В череде выступивших на торжестве людей общим оказалось то, что такой сложный — а Борис Французов был сложный! — человек в таком сложном мире нашел сам и помогал найти другим ценности, которые не мельчают и не поддаются тлению. Стало быть, они верны. Для отравленного либерализмом разума они будут смешны. Не современны. Думаю, поэтому и не везут в Московский манеж ни графику Бориса Французова, ни пейзажи прикипевших к владимирской земле Юрия Мокшина, Виктора Калашникова, Андрея Мочалина, Алексея Солодилова, Юрия Ткачева, Жанны Кадыльской, Валентины Гилазутдиновой, Ивана Харченко... И я в полной мере разделяю слова заслуженного художника России Юрия Ткачева: «Искусство сегодня — как оружие массового поражения. Пройдет это время ненормальное, и люди вспомнят об искусстве настоящем. И надо сделать все, чтобы к тому времени его сохранить... Взгляните на выставку — у нас-то хорошо! И надо говорить людям, что у нас в стране — хорошо! Все реалистическое искусство говорит об этом. Понимаете — как продать Россию? Ведь народ будет заступаться за нее, если будет знать, как она хороша. И надо сделать из нее помойку, чтобы защищать ее было некому. Но, я думаю, мы это переживем... И пусть не печалятся все, у кого нет специальных знаний. У нас есть единственно верный, данный народу навеки барометр — наша душа. И все, что созвучно нашей душе и составляет нашу культуру. Пусть эта мысль закаляет нас и дает нам сегодня силы».

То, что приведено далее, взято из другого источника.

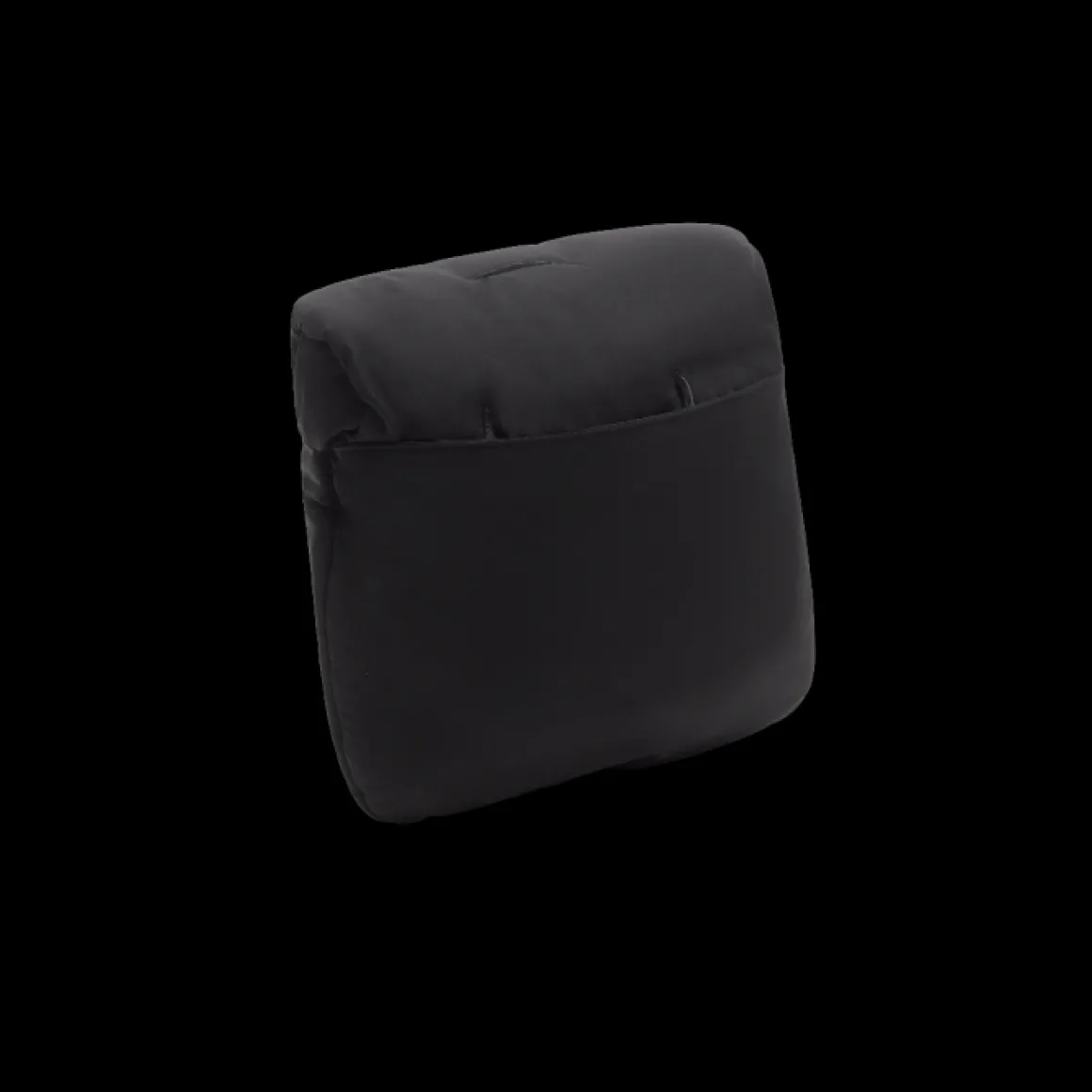 Bugaboo Donkey 5 Tweeling Kinderwagen 3 In 1 Black Midnight Black + Isofix Base + Voetenzak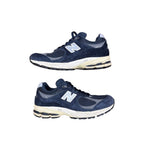 New Balance 2002r Eclipse Navy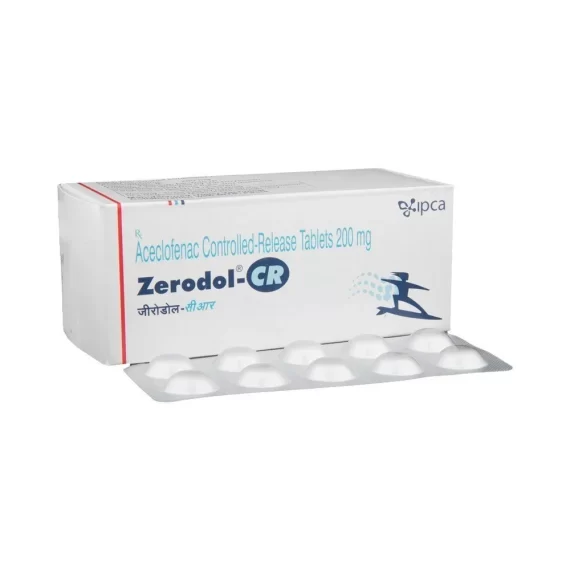zerodol-cr-tablets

Позади торжественное открытие Мемориальной творческой мастерской Бориса Французова во Владимире, и «Французовские дни» в камешковском историческом музее, а мы шли по широкой улице Камешково вниз, с холма, и перед нами открывалась за заснеженным полем глубокая даль. В серый февральский денек она была и печальной, и куда-то зовущей одновременно. Как на офортах Французова...

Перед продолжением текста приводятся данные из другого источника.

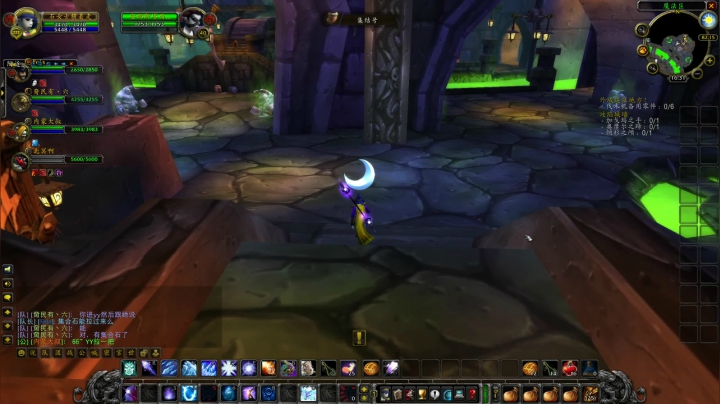 【主机其他游戏】女流66的精彩时刻 20210603 16点场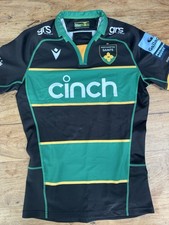 Northampton Saints Rugby Shirt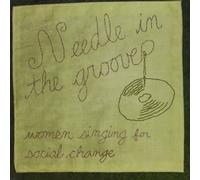 Various Artists - Needle in the Groove: Women Singing for Social Change
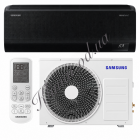 Кондиционер Samsung GEO WindFree Mass Black AR70F24CBBNUA Кондиционер Samsung GEO WindFree Mass Black AR70F24CBBNUA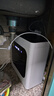 世韩（SAEHAN）S3【3:1微废水纯水护膜】家用净水器厨房直饮100G纯水机厨下通用滤芯自来水过滤器RO反渗透净饮机 单出水+01集成水路管线机 实拍图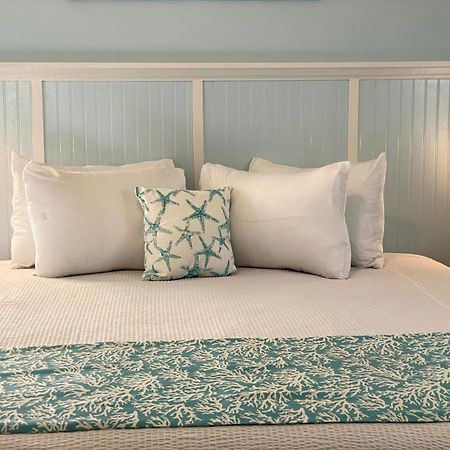 Hotel Hideaways Exuma George Town Exteriér fotografie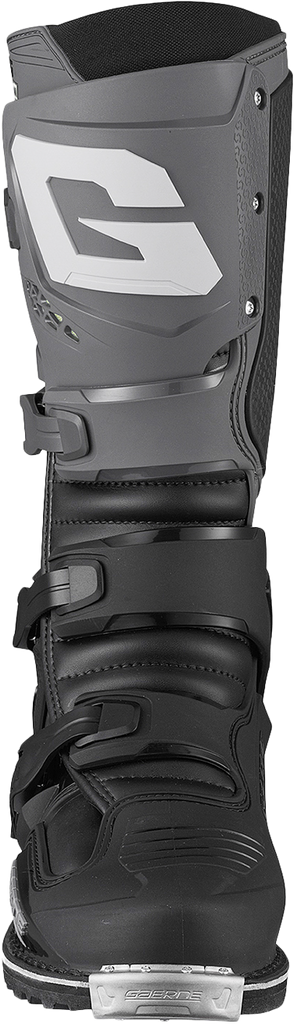 Sg 22 Gore Tex Enduro Boots Anthracite/Black 10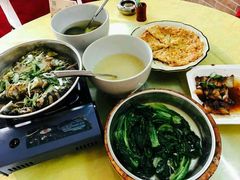 -巨元河鲜酒楼·清远特色菜名店(英德店)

Надо же так: ну, совсем не русская фамилия прижилась в русской глубинке! И совсем как легкий ветерок из необъятной дали налетела легкая мысль: а ведь прав был Булгаков, когда в 1923 году написал о Всероссийской сельскохозяйственной выставке в Москве в очерке «Золотистый город» о клинобородых владимирских рожечниках: «Высвистывают на длинных деревянных самодельных дудках старинные русские песни. То стонут, то заливаются дудки, и невольно встают перед глазами туманные поля, избы с лучинами, тихие заводи, сосновые суровые леса. И на душе не то печаль от этих дудок, не то какая-то неясная надежда. Обрываются дудки, обрывается мечта».
Мечтали и все мы, участники «Французовских чтений». Но знали, что след его не остыл на земле владимирской. А это значит: не остыл он и в людских душах.